Sophisticated data modeling is used today to automate all manner of decision making: who gets a loan, who gets hired, what insurance rates should be, how teachers are evaluated. The list goes on. Data modeling is fast, and it’s efficient. But are the answers always right or fair? In her talk, the cleverly titled “Weapons of Math Destruction,” Cathy O’Neil asks a sobering question about the algorithms that are increasingly affecting our lives: What if they are wrong or, more likely, what if the interpretations of their results are wrong? The problem, she suggests, goes deeper than an algorithm whose code took an erroneous turn. It’s the destructive cycle that results when these errors run unchecked: there is no accountability, no notice that things are amiss, and no fix because of blind faith in the data and the algorithm.
Models, O’Neil contends, are built with good intentions, but their workings can be opaque. Requests, such as loan applications, are processed en masse, and because so many of the decisions (say, approvals for those borrowers with strong credit) clearly look right, the harder calls are reinforced. The model looks spot on. Rarely does anyone look deep into the loop to make sure that the answers truly are right, nor is such feedback integrated into the model. This situation might result in unfair results for individuals, but we see that it is also a lost opportunity for businesses. Consider the bank that keeps refusing loans to solvent people.
The call for algorithmic inspection and governance was also voiced by Alistair Croll in his talk “Big Data, Smart Agents, and Interruption: The Next Ten Years of Human-Computer Interaction.” In Croll’s view of the just-down-the-road future, it’s not only technology that will evolve but also the human species.
Croll sees a trifecta of forces shaping the next decade of technology: big data, smart agents (or artificial intelligence), and so-called interruptive interfaces that tell us, with sensory cues (for example, the Apple Watch’s buzzing the wearer’s wrist to announce the arrival of new e-mail), what we need to know at the right time. These forces will combine in various ways, some of them extremely beneficial: an artificial intelligence, for example, that can make a diagnosis faster than a human oncologist. Such advances will let us do a better job of managing and supplementing scarce resources.

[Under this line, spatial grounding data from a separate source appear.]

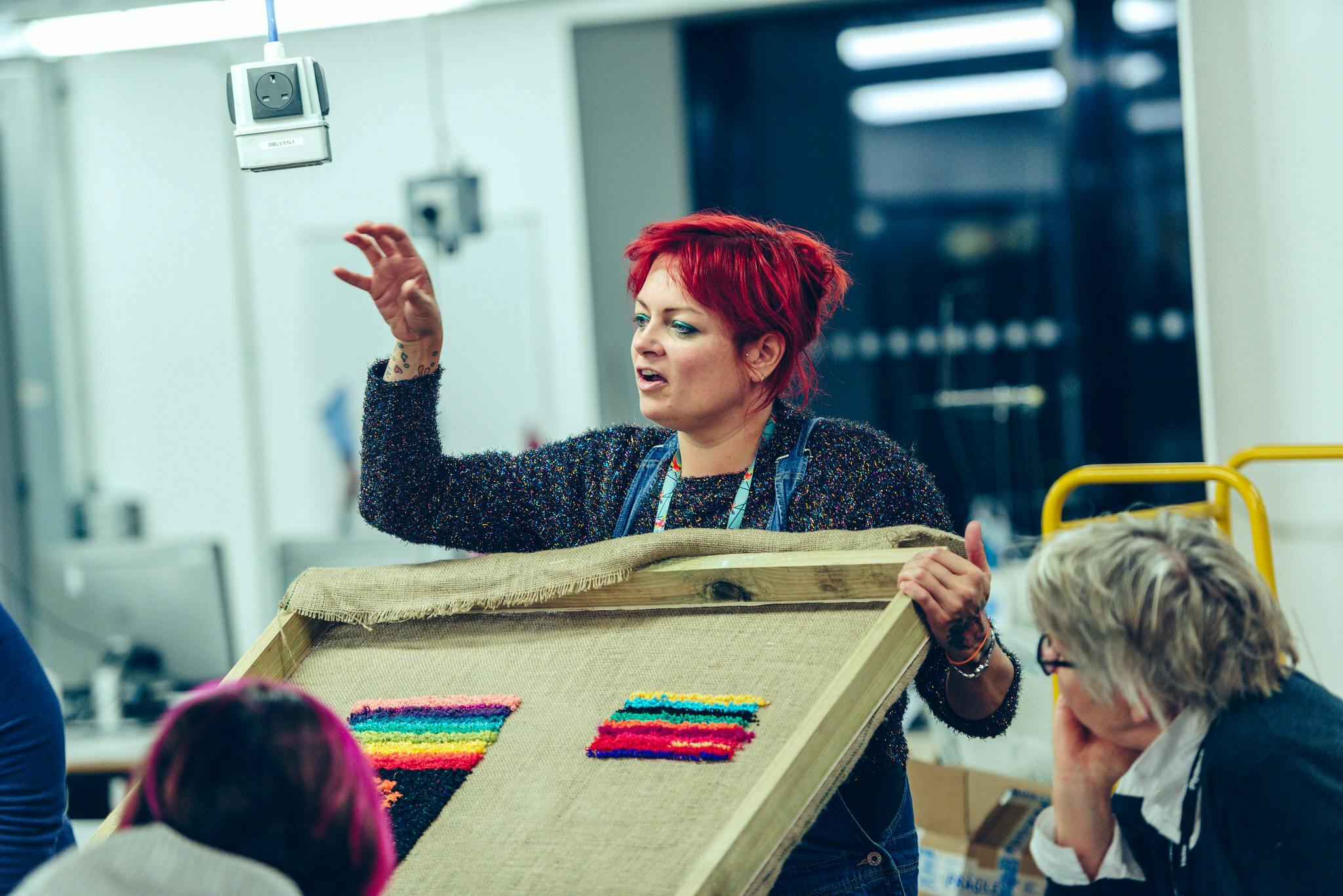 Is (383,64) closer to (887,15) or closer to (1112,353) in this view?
(887,15)

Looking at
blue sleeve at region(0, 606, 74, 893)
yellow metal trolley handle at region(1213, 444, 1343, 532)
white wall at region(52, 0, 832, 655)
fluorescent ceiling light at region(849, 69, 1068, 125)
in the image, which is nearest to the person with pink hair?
blue sleeve at region(0, 606, 74, 893)

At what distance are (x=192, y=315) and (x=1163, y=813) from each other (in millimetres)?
4699

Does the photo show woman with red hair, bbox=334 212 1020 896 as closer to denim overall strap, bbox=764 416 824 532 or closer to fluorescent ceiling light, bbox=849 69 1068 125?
denim overall strap, bbox=764 416 824 532

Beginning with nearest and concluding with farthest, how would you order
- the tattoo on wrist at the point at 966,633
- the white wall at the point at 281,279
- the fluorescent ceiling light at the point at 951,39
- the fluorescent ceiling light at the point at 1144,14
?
the tattoo on wrist at the point at 966,633 → the fluorescent ceiling light at the point at 1144,14 → the fluorescent ceiling light at the point at 951,39 → the white wall at the point at 281,279

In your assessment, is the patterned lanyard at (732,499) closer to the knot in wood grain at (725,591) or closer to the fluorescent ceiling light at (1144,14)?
the knot in wood grain at (725,591)

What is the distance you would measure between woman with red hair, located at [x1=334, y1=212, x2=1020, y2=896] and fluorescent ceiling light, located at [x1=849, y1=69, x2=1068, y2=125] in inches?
149

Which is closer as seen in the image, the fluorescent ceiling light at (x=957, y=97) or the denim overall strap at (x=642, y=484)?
the denim overall strap at (x=642, y=484)

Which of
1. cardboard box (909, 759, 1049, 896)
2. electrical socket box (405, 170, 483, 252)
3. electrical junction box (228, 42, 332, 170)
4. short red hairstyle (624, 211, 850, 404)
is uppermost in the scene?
electrical socket box (405, 170, 483, 252)

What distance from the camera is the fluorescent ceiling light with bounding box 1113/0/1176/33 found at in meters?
4.94

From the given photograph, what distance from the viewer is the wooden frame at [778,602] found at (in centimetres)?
106

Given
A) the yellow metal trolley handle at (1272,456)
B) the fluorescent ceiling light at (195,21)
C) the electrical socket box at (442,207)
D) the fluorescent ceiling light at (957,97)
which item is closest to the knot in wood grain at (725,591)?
the yellow metal trolley handle at (1272,456)

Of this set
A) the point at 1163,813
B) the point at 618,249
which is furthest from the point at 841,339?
the point at 1163,813

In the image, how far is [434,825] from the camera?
1.24 m

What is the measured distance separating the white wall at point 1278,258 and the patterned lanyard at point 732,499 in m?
1.58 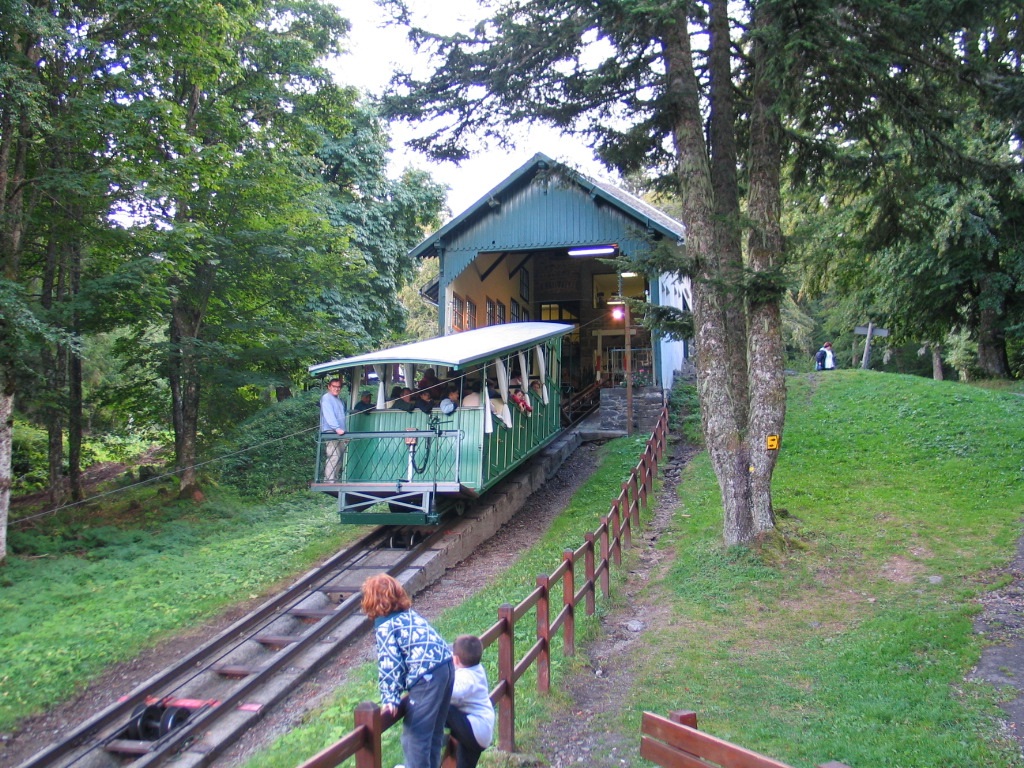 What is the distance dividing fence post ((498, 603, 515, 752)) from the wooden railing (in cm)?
182

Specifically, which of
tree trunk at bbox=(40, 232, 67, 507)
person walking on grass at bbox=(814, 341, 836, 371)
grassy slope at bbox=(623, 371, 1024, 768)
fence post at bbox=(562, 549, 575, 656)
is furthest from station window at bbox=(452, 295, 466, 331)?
fence post at bbox=(562, 549, 575, 656)

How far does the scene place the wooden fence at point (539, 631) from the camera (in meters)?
3.54

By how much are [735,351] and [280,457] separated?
12.4 m

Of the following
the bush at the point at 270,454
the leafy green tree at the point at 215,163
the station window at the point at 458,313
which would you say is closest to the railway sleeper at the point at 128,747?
the leafy green tree at the point at 215,163

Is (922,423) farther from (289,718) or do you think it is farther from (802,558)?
(289,718)

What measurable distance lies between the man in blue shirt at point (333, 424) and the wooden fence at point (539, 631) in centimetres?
445

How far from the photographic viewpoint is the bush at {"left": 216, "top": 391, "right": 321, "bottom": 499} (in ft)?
60.2

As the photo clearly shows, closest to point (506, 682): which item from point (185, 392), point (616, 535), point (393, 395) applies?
point (616, 535)

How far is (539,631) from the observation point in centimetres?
645

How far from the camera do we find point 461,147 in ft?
39.6

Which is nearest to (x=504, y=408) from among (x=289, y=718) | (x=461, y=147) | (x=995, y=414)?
(x=461, y=147)

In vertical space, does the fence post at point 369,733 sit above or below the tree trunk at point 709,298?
below

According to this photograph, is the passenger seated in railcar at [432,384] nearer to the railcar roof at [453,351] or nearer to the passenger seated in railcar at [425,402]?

But at the same time, Croll warns us, we will grow increasingly dependent on tools that “whisper in our ear.” These smart agents don’t just simplify our lives; they know our lives. This Super-Siri isn’t hard to imagine, not with the growing array of personal data that can be captured and processed: cell phone data that tracks where we have been, purchasing data that tells what we like to buy, health data, social media data, travel data, e-mail, and so on. Such tools will give us “super powers” like perfect recall (as we can just turn to our devices for information). They’ll know what makes us happy. They’ll help us optimize our lives.
Croll thinks that we—a society that is excited about these new tools and is actively embracing them—may be missing the big picture: this technology trifecta may lead us to become a kind of human-machine hybrid. He suggests that we start thinking about the legal, ethical, privacy-related, and societal issues of that brave new world.
If a machine can direct us to the optimal path, and we get used to following it, Croll thinks that creativity may be stifled and that we will be less likely to make discoveries on our own. Thoughtfulness can change, too. If we get a digital reminder of a friend’s birthday and we send a card, did we do that because we really cared? Or was it because we have good software?
Perhaps it is only fitting then, that the conference also featured the mathematician-philosopher Luc de Brabandere, a BCG Fellow. In his presentation, “Homo Informaticus,” he took us through a 4,000-year history of technology, showing how logic and mathematics were created by the major philosophers. Even today, we can see their influence at work. For example, big data is largely focused on the idea of inferring causes (say, customers’ needs) on the basis of effects (their purchases). That’s a notion that stems from the work of Thomas Bayes, an English philosopher. But in a world of ever-increasingly capable smart agents, perhaps Brabandere’s own notion will prove particularly relevant: if artificial intelligence becomes a reality one day, it is because we have decided not to use ours anymore.